**Work order**: Reproduce each line of the following material exactly, omitting the images.

Segment Start: Data section

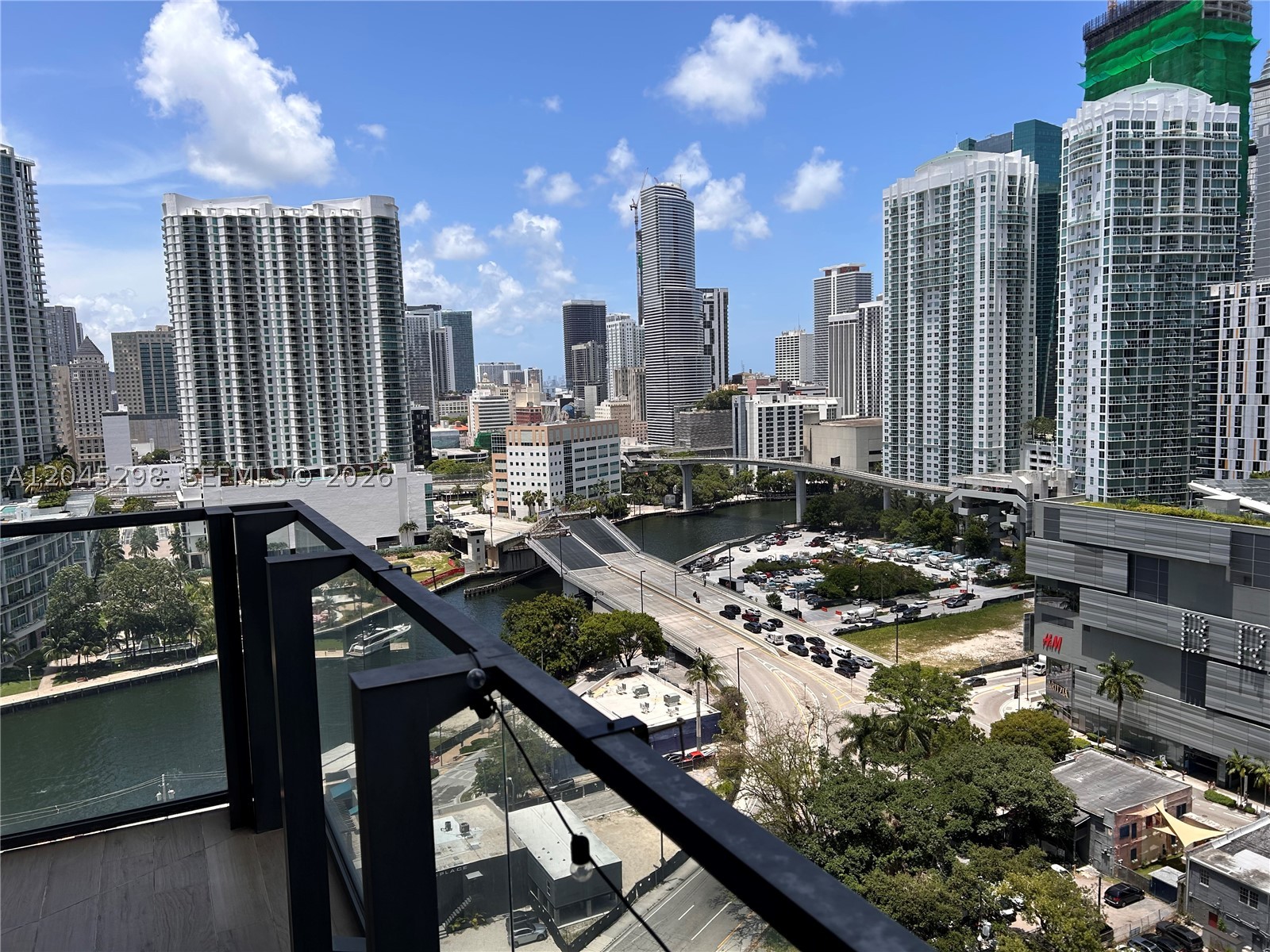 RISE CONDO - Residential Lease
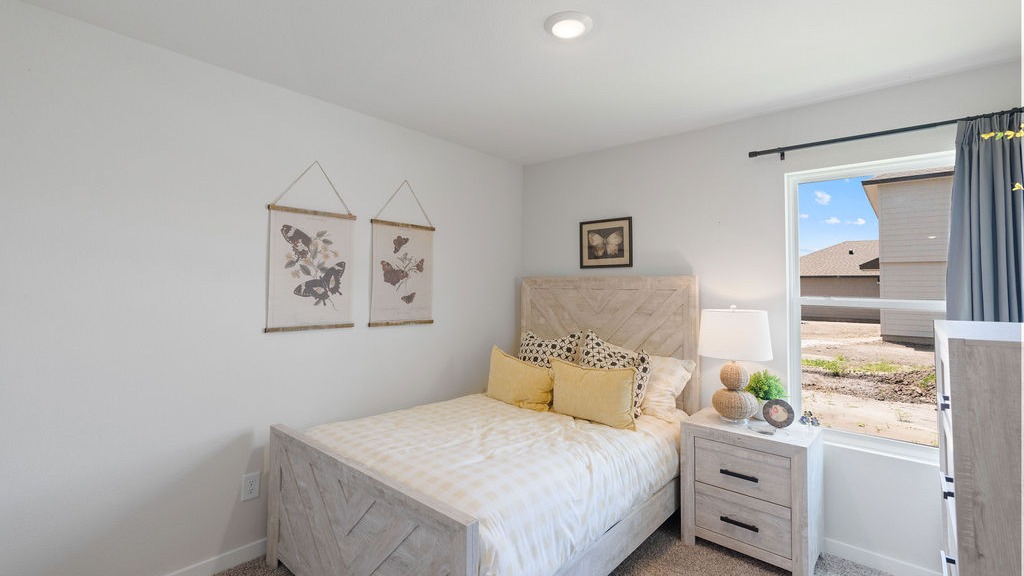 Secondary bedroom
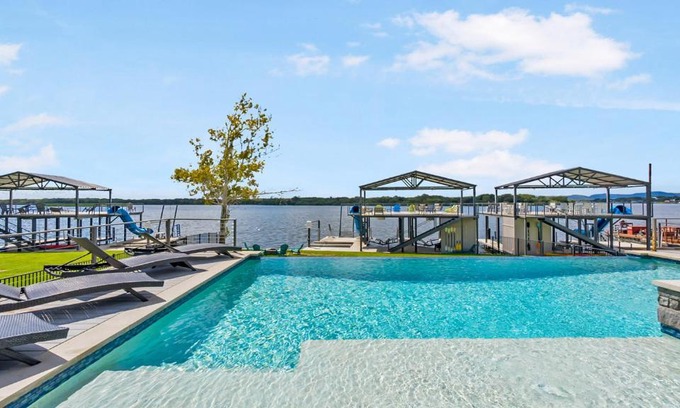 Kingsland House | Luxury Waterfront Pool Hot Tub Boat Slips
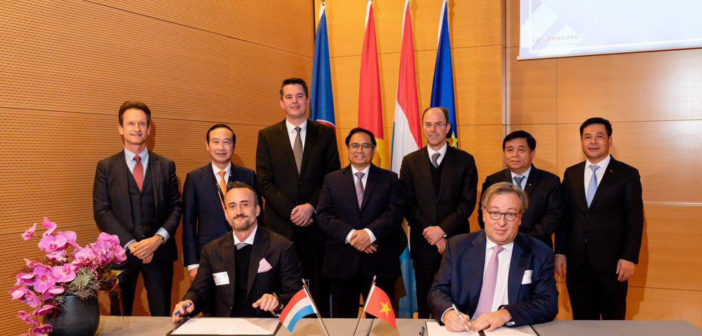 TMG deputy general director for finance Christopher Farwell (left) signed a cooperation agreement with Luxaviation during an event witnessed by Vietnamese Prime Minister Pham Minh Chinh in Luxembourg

Segment End: Data section

**Response to this exercise**:
 RISE CONDO - Residential Lease
 Secondary bedroom
 Kingsland House | Luxury Waterfront Pool Hot Tub Boat Slips
 TMG deputy general director for finance Christopher Farwell (left) signed a cooperation agreement with Luxaviation during an event witnessed by Vietnamese Prime Minister Pham Minh Chinh in Luxembourg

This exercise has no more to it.